Corby DC’s argument was partly underpinned by reference to widely used current and former technical guidance. In particular, reference was made to the current Soil Guideline Values (SGVs), as well as the action and trigger values of the old ICRCL guidance for the “Redevelopment of Contaminated Land: Acceptable Levels of Contaminants in Soils” (which latter guidance was widely used for 20 years up to 2004 when it was superceded by the incoming SGVs).
Corby DC aimed to show that contaminants found at the site were present at acceptable concentrations (though this was not borne out by the findings - e.g. because cadmium, for instance, albeit rarely sampled for on behalf of Corby DC, was found in concentrations of up to 23 mg/kg, which exceed the old ICRCL threshold level of 15 mg / kg for parks, playing fields and open space).
Moreover, the judge dispatched this argument as follows:
| With regards to the ICRCL document he said: “This paper is not designed to give guidance or comfort to those who plan to excavate and remove largely on uncovered lorries hundreds of thousands of cubic metres of materials which were suspected to be contaminated”.
| | With regards to SGVs he said: Current advice from the Environment Agency states that SGVs should not be used if they are not representative of the site being assessed, and not for short-term or acute exposures. In my judgment, the SGVs are not directly applicable to the type of environmental pathway that is under consideration here”. Furthermore, there are no SGVs for one of the main suite of contaminants at the site - PAHs. |
By dispatching the technical guidelines in this manner, we are left to wonder what - if any - technical guidelines now apply to determine if and when concentrations of airborne pollutants in the course of remediation projects (involving on and off-site transportation and other operations) reach unsafe levels?

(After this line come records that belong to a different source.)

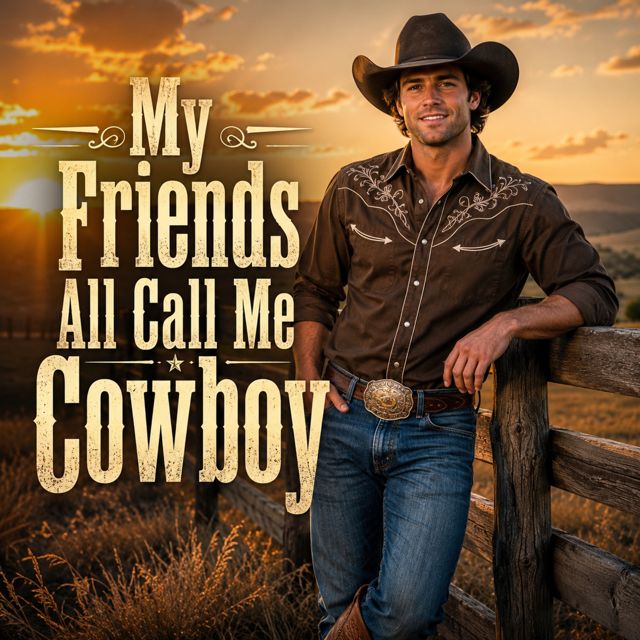David Alan Johnson - 'My Friends All Call Me Cowboy (New Country)' [Ringtone]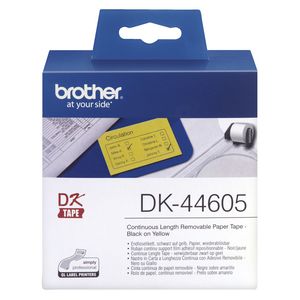 Brother Continuous Length Removable Tape Yellow DK-44605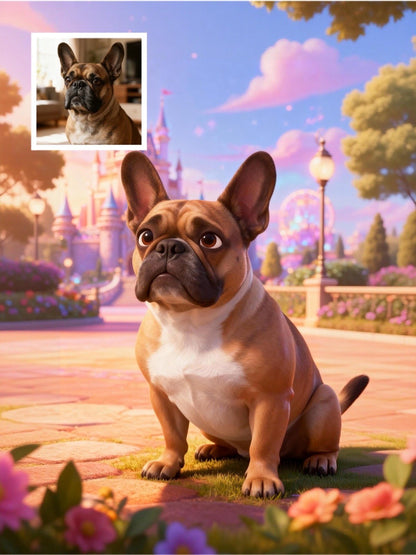 Storybook Magic - Custom Pet Portrait - PetLouvre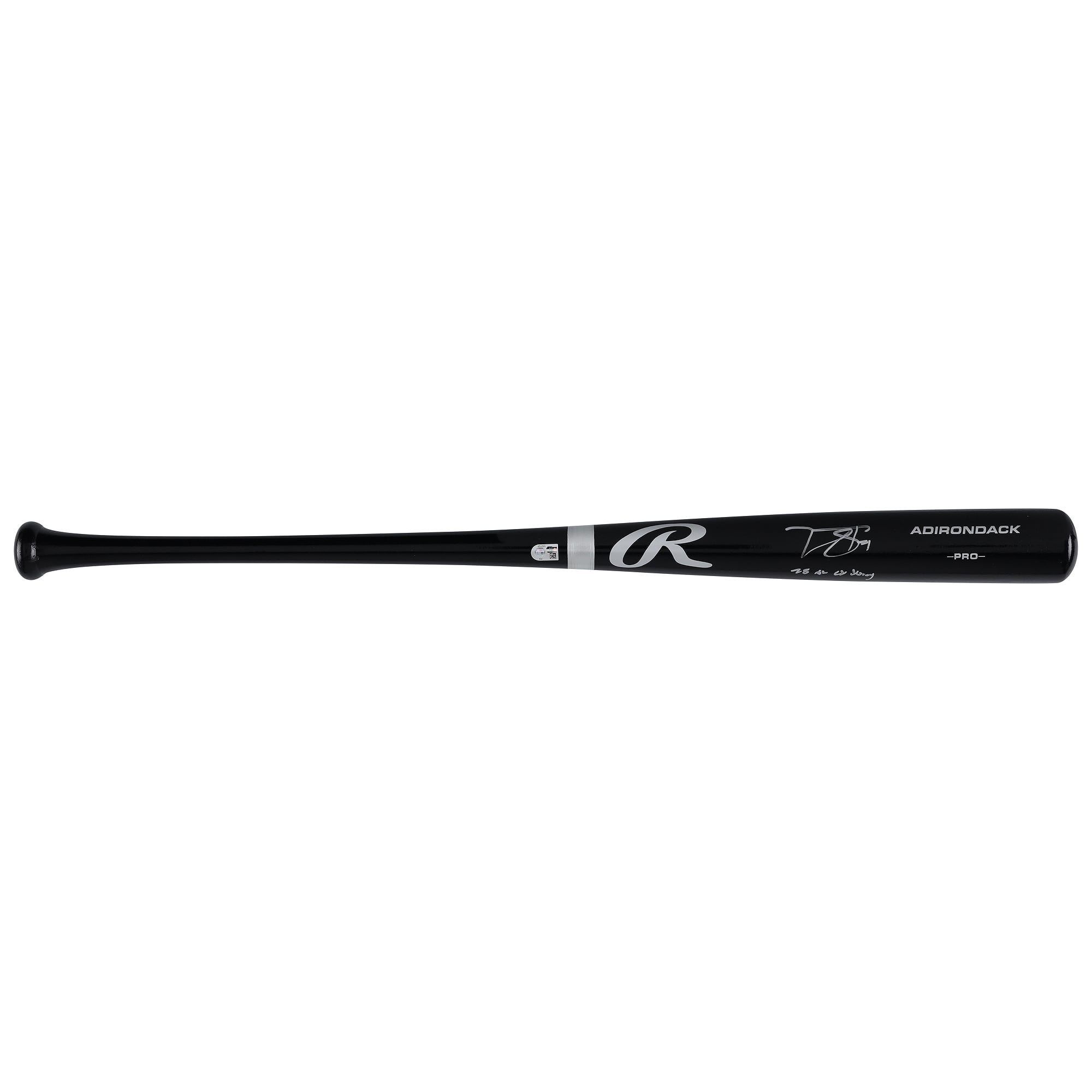 Bâton Rawlings Black Big Stick autographié par Tarik Skubal des Tigers de Detroit avec inscription « 25 AL Cy Young »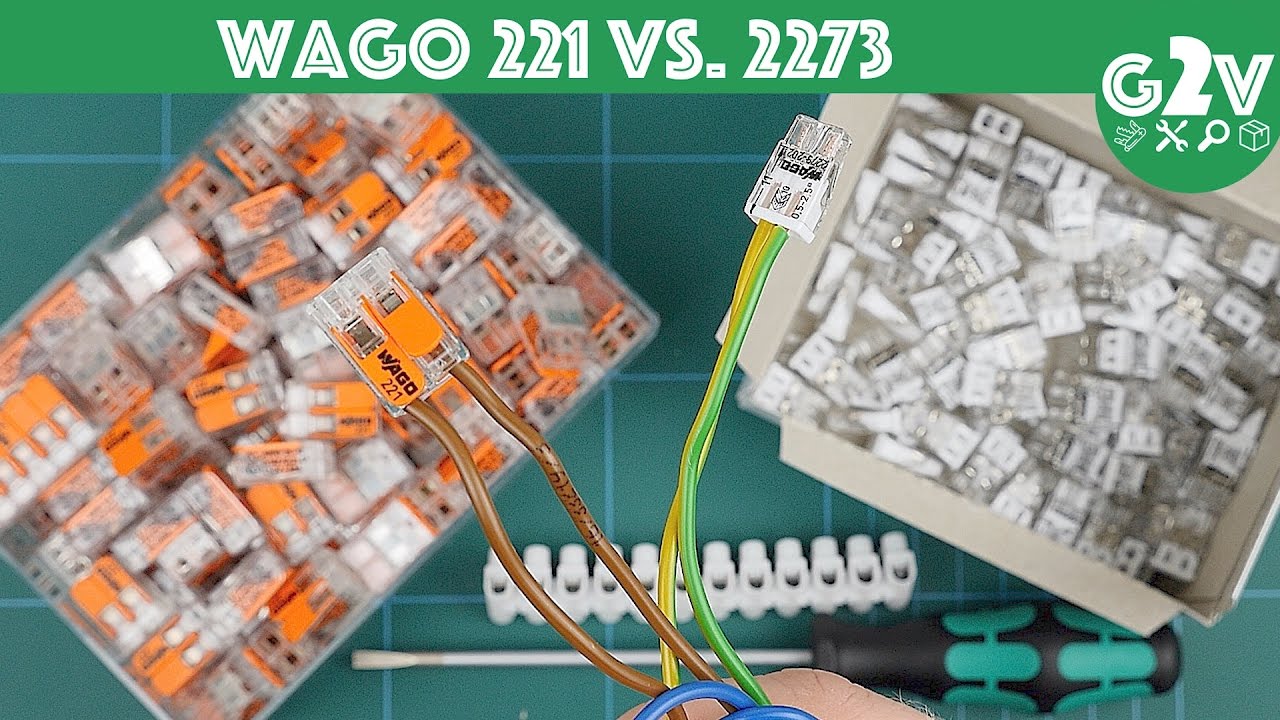 WAGO Serie 221 vs. 2273 // Welche Klemme ist f&uuml;r wen die richtige? // VERGLEICH // REVIEW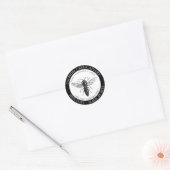 Bees Queen Bee Apiar製品ロゴで作られる ラウンドシール (封筒)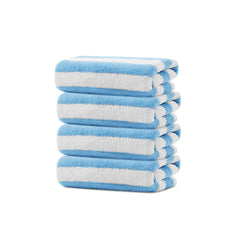HOUSSE Microfiber Blaze Hand Towel for Women & Men | Quick Dry | Ultra Absorbent |Perfect for Bathroom |Sports | Travel | Ideal for Workout | Spa| Beach | Fitness | 360 GSM (Grey, 40x60)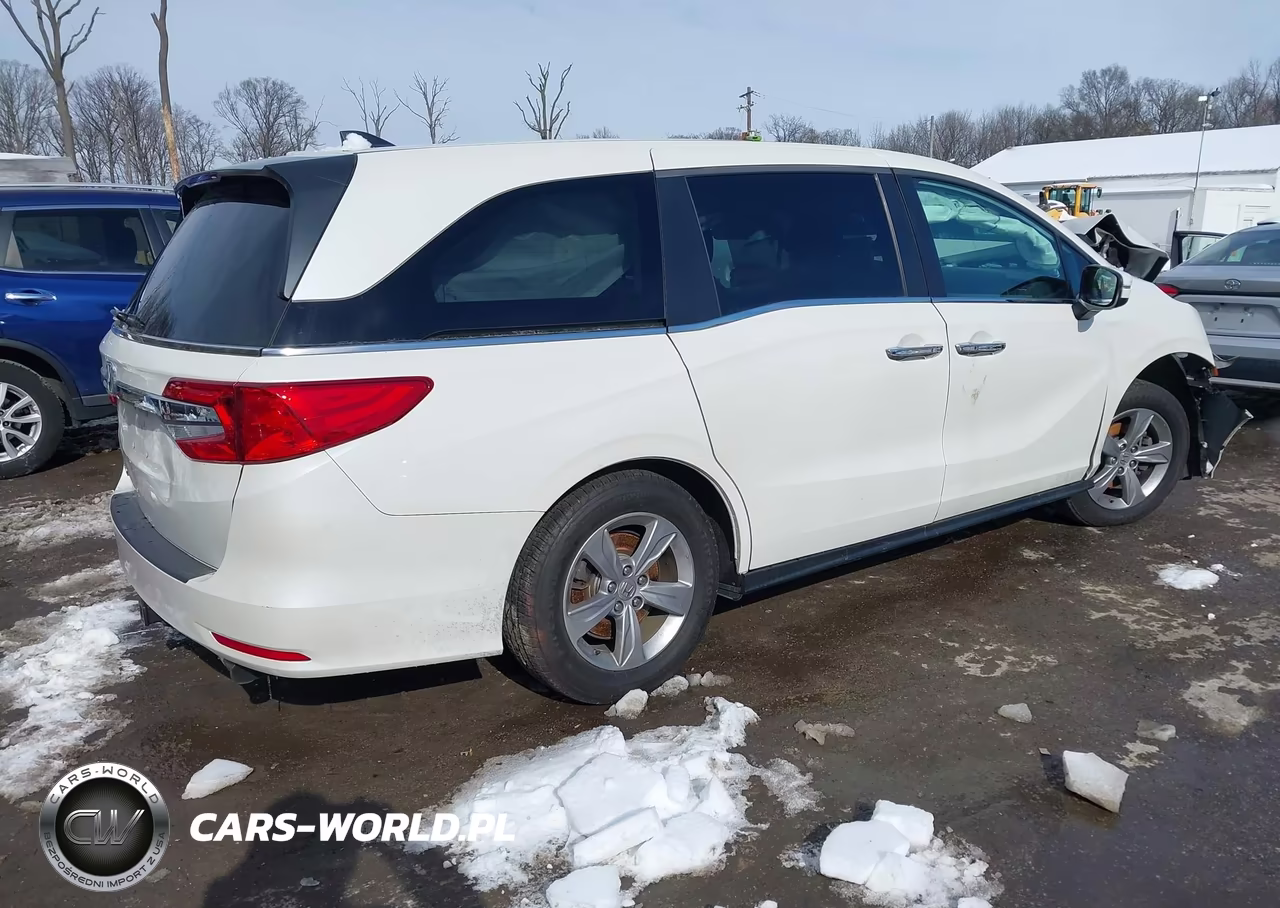 2018 Honda Odyssey Ex-L VIN:5FNRL6H78JB007414 - 4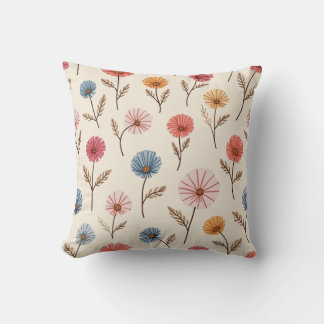 almohadilla de almohada de flores pompom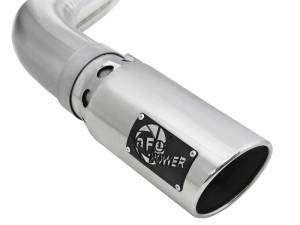 aFe - aFe Large Bore-HD 4in 409 SS DPF-Back Exh 18-19 Ford F-150 V6-3.0L (td) w/ Polished Tip - 49-43106-P - Image 5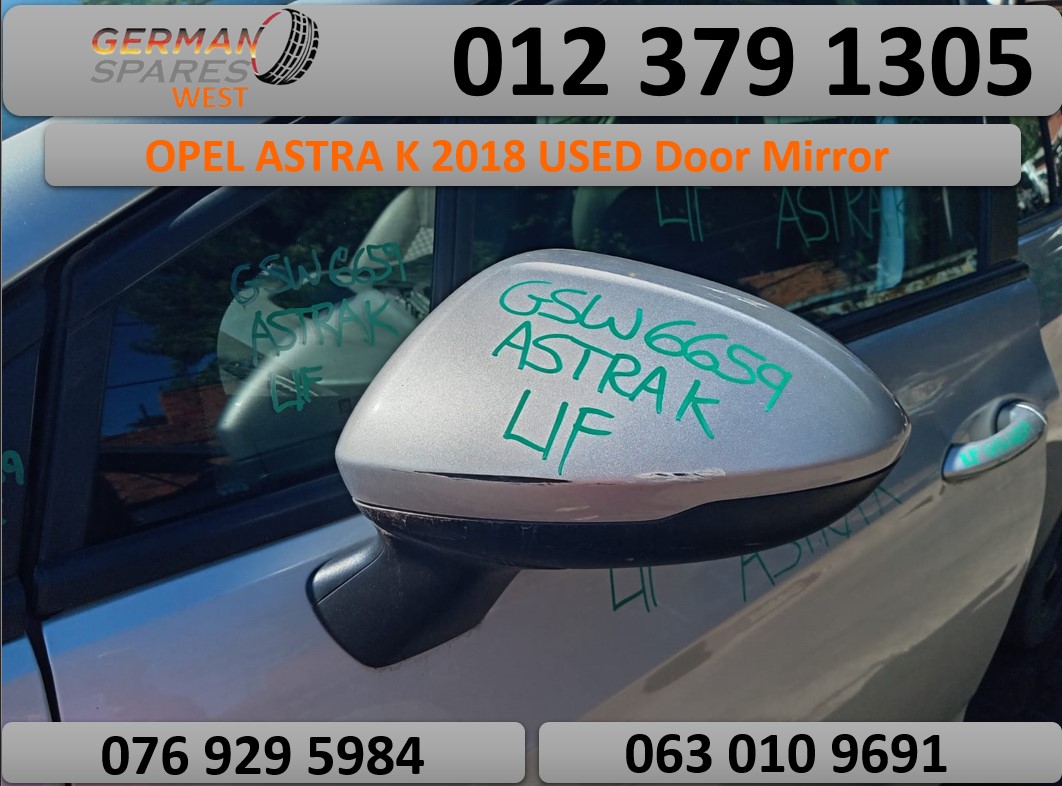 OPEL ASTRA K 2018 USED DOOR MIRROR FOR SALE - Private Seller OPEL ASTRA K 2018 USED DOOR MIRROR FOR SALE - Private Seller
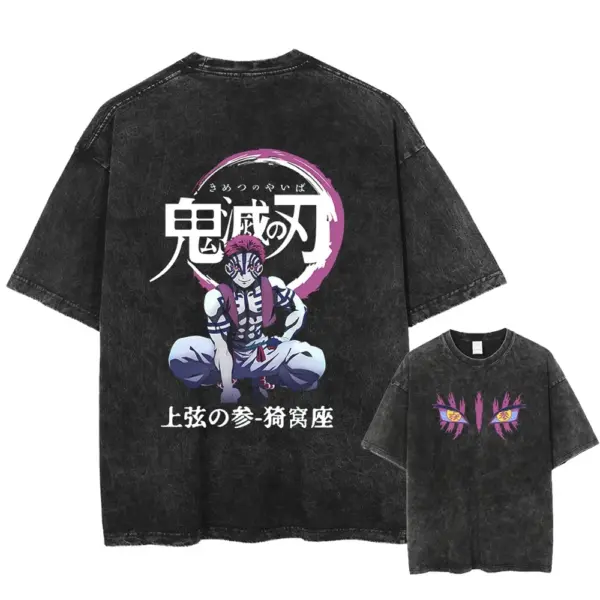 Men's Oversized Anime Graphic T-Shirt - Image 3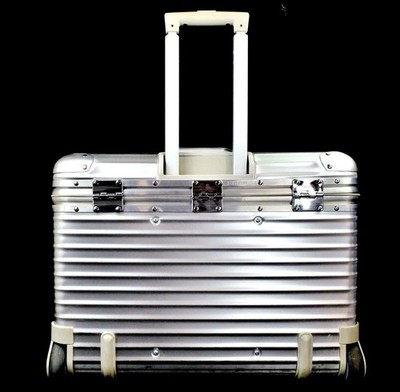 Rimowa Topas Pilot Trolley 46L Silver 2-wheels Carry Case Suitcase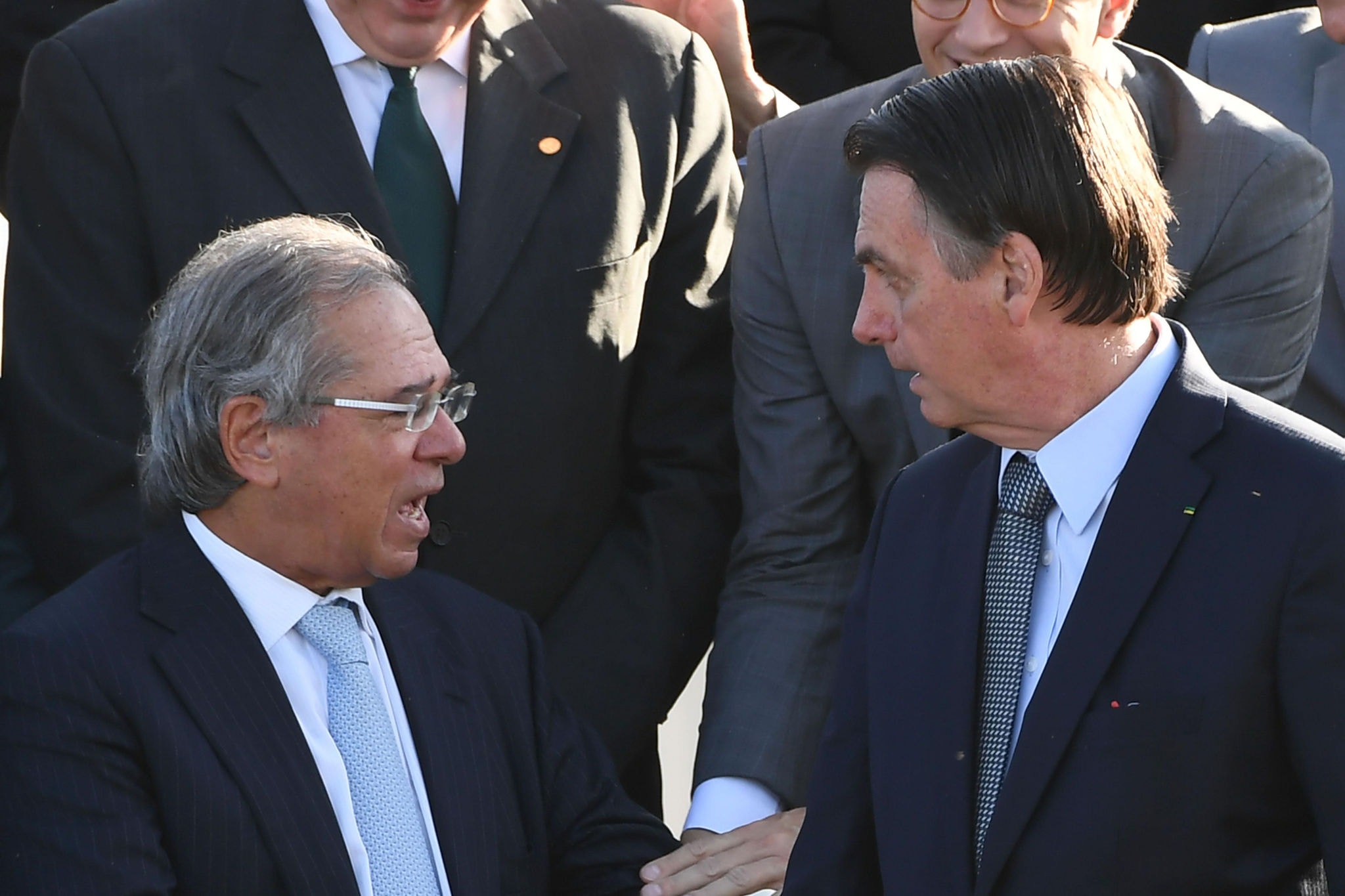 Paulo Guedes e Jair Bolsonaro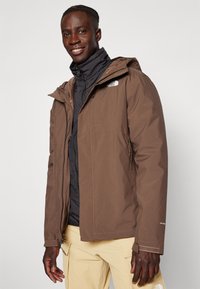 The North Face CARTO TRICLIMATE JACKET - Chaqueta softshell - smokey brown/black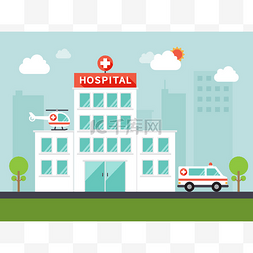 医院大楼图标图片_医疗和医院的图标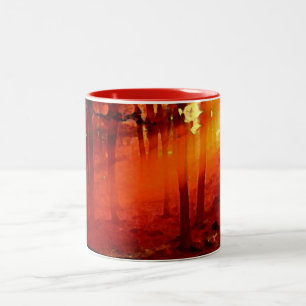 Tasse 2 Couleurs The sunset 325 ml Effiloche de deux tons personnal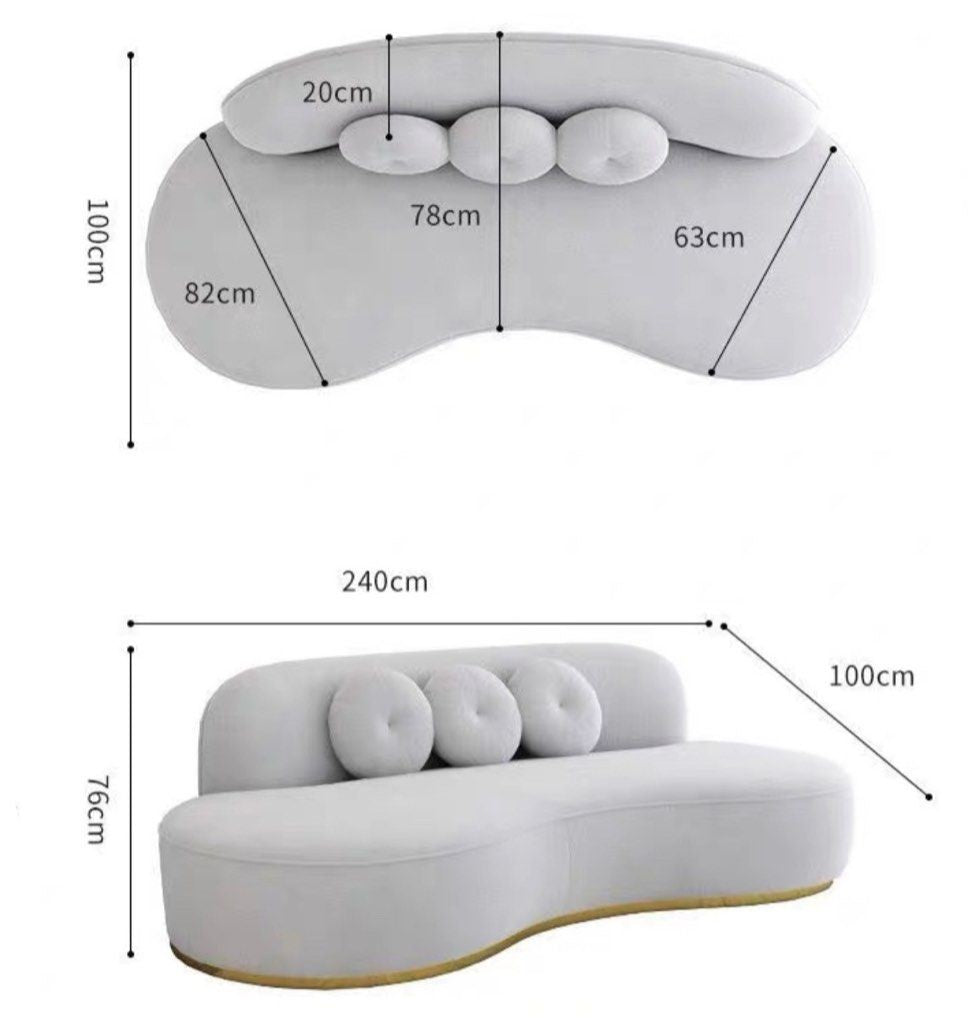 LAMORA Modern Velvet Sofa - Radical Homes Singapore
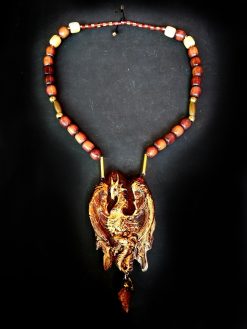 Dragon Pendant, Oversize Maximalist Big Bold Chunky Necklaces, Statement Jewelry Sculptural & Haute Couture Jewel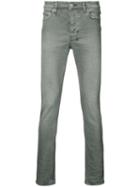 Ksubi - Stonewashed Skinny Jeans - Men - Cotton - 32, Grey, Cotton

There now appears to be a serious lacuna in the UK’s extensive suite of technical guidance for remediating contaminated sites. With question marks raised concerning the applicability of SGVs to airborne pathways for pollutants mobilized in the course of remediation projects, it is now incumbent on the Environment Agency and DEFRA to address this uncertainty as soon as possible so that it does not act as a bar to regeneration.
What did Corby DC get wrong?
As noted, there are lessons in Corby for many parties engaged in site remediation activities and especially for local authorities.
The judge was scathing about Corby DC’s management of the site which it found, amidst allegations of corrupt practices and police involvement, to be “chaotic” and “extensively negligent”.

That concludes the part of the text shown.